Harbourfront News (Updated)

Updated May 18:

Service to Exhibition Loop resumed today with normal operations on the Bathurst and Harbourfront cars to Exhibition Loop.

Updated May 15:

For those who were wondering why the TTC is fixing the track on Fleet Street when it is supposed to be replaced later this month, here is the answer:  our friends at Toronto Hydro can’t handle two projects at the same time, and since they’re busy on St. Clair, Fleet will have to wait.  Come back in the fall.

Streetcar service should return to Fleet Street once the patchwork on the track is completed.  The schedule for May-June still shows the cars running to Exhibition, and so the TTC should be able to restore service once there is track to run on.

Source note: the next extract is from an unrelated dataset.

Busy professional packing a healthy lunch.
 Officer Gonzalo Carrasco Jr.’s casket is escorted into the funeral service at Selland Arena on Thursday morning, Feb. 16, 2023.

More news when it’s available. 

The original post follows below.

I spoke with Jim Teeple of the TTC this evening about the Harbourfront line and found out what is going on there.

First off, contrary to some reports, the problem is not in the tunnel, and it is at Rees Street as previously reported.

There is a problem with the track sinking for reasons they don’t yet understand, and the effect is that the track brake drags on the concrete (that’s why they want to grind some of it off).  If the track brakes get badly hung up, this could cause a derailment.

The delay in activity is caused by the fact that the TTC wants to dig to see what is happening under the trackbed, but cannot do this until the utility companies come and mark where their services are.  Apparently they are taking their time about it.

Dare I ask what whizbang designer had the idea of putting utilities under the tracks in the first place?  The usual scheme is to put them in the curb lanes where they can be repaired or modified without disturbing the transit service.

11 thoughts on “Harbourfront News (Updated)

  1. Hi, Steve!
    The Rees Street, Queen’s Quay land was all reclaimed in the 1920’s. A recent pipe break at Rees Street and Lakeshore Boulevard West revealed that the sandy soil is prone to washing away. The streetcar braking problem may relate to that “washing away” soil.


  2. What utilities are taking their time? I have used “Ontario One-Call” a few times and they are fast at coming out to mark services (24-48 hours), but they tell you when you call what they mark and what you have to go directly to a utility provider for.

    Steve: That was a direct quote from the person at the TTC in charge of track construction.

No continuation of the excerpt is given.